◆ **RECORDS SHOWN**:
_ _ _ _ _
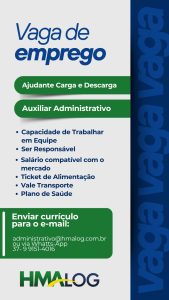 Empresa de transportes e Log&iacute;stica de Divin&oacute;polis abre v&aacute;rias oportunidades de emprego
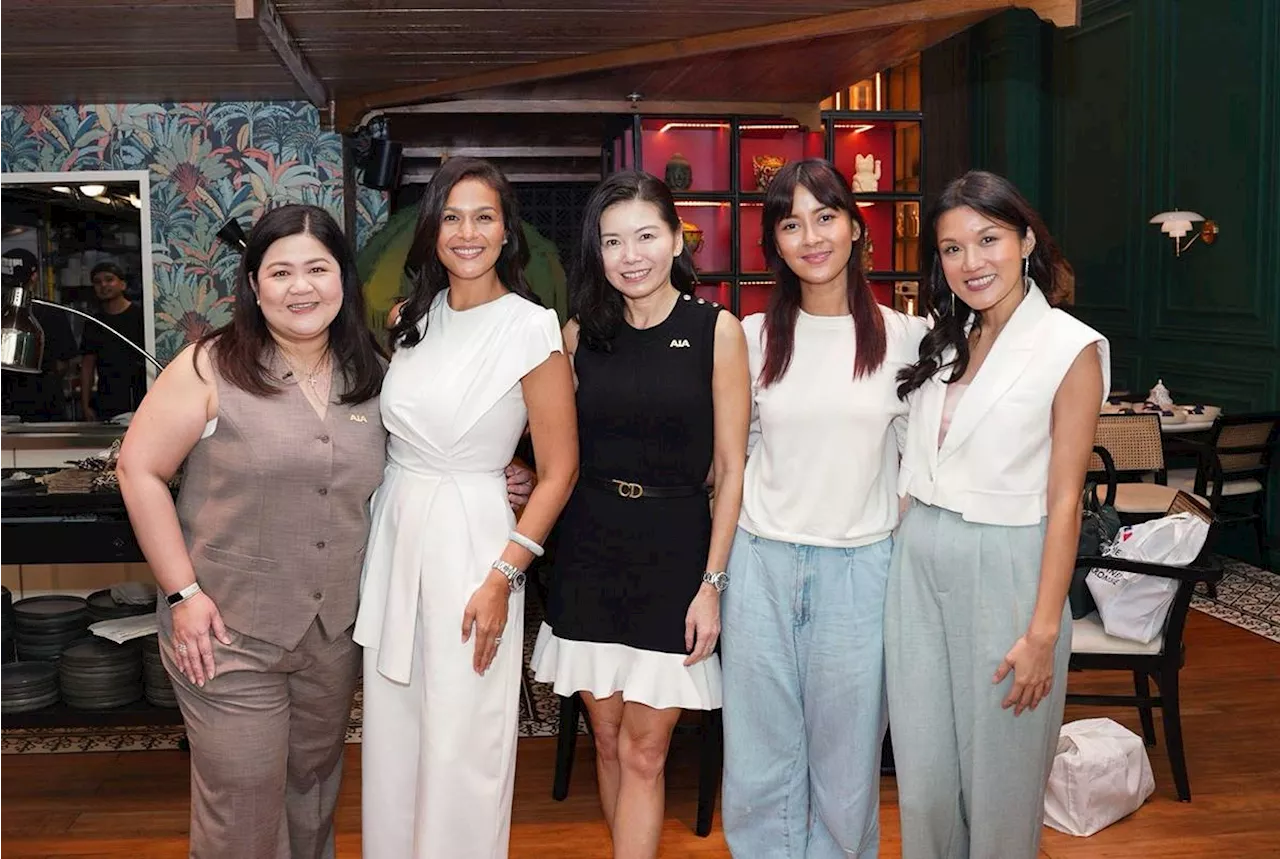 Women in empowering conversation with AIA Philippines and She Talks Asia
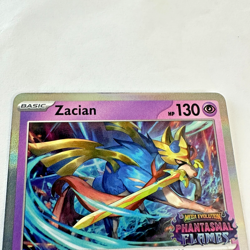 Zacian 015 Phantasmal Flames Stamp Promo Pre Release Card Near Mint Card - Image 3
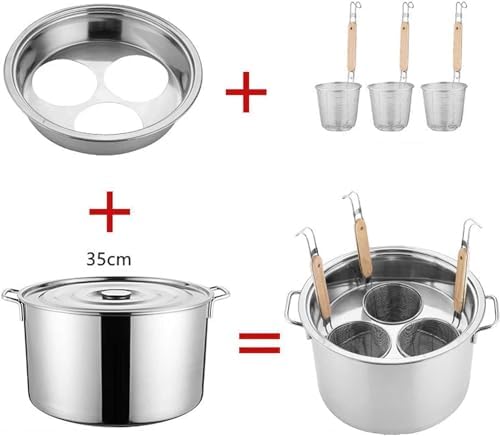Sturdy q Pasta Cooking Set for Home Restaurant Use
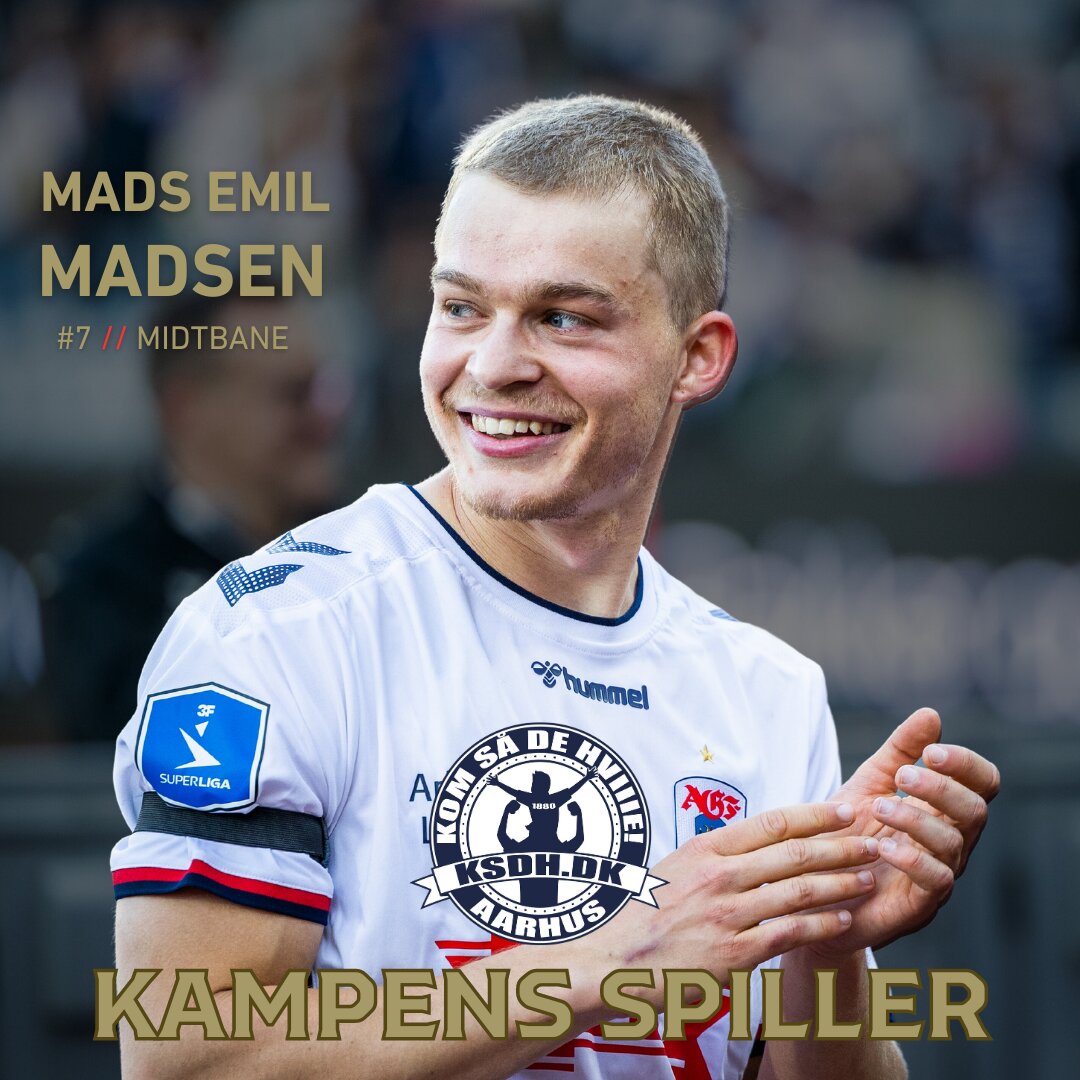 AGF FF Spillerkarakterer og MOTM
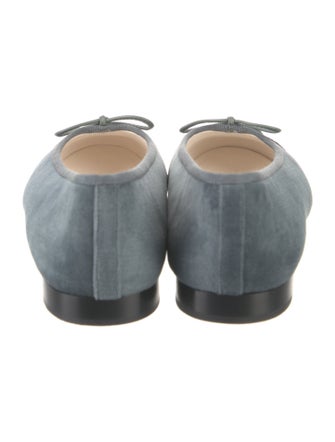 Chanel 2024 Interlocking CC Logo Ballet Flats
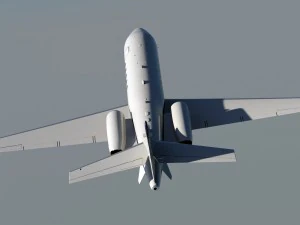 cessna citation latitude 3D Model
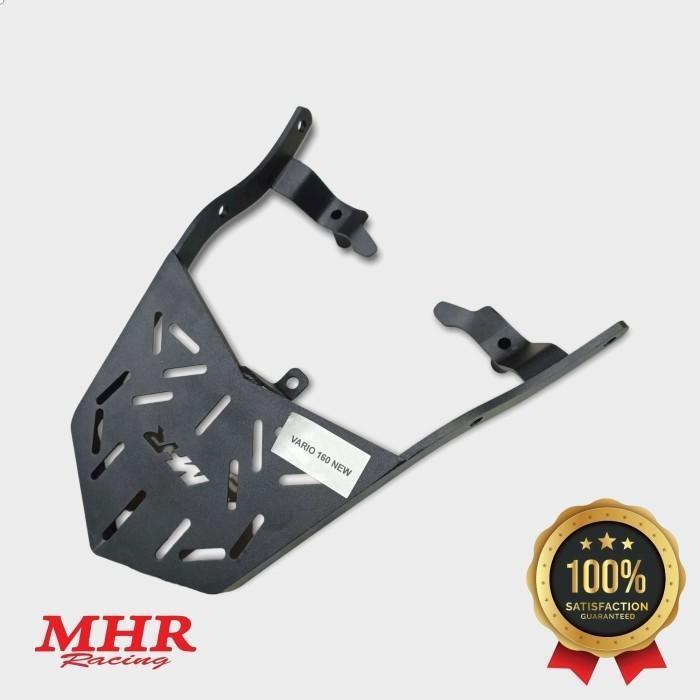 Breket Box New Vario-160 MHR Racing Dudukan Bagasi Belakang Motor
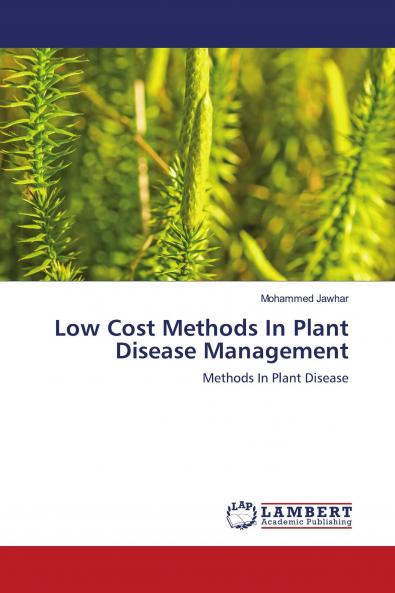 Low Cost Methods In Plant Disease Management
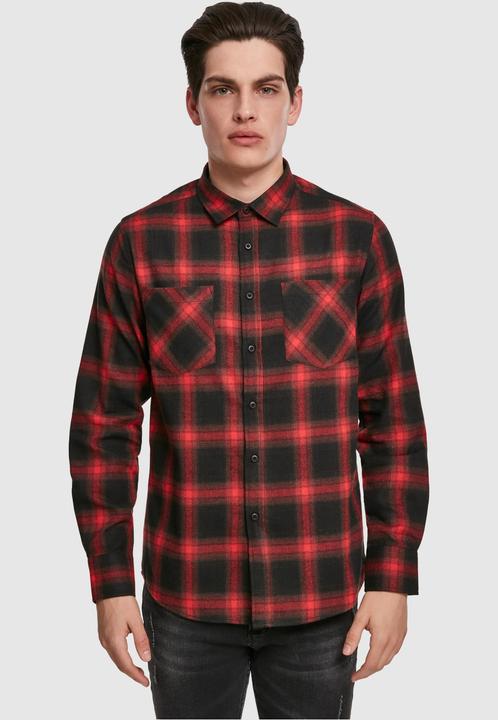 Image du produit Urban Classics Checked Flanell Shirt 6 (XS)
_ _ _ _ _
◆ **REQUIRED ACTION**:
Your task is to retype all the entries exactly and leave out any pictures.

◆ **RESULT BELOW**:
 Empresa de transportes e Log&iacute;stica de Divin&oacute;polis abre v&aacute;rias oportunidades de emprego
 Women in empowering conversation with AIA Philippines and She Talks Asia
 Zacian 015 Phantasmal Flames Stamp Promo Pre Release Card Near Mint Card - Image 3
Sturdy q Pasta Cooking Set for Home Restaurant Use
 AGF FF Spillerkarakterer og MOTM
 Chanel 2024 Interlocking CC Logo Ballet Flats
 cessna citation latitude 3D Model
 Breket Box New Vario-160 MHR Racing Dudukan Bagasi Belakang Motor
 Low Cost Methods In Plant Disease Management
 Image du produit Urban Classics Checked Flanell Shirt 6 (XS)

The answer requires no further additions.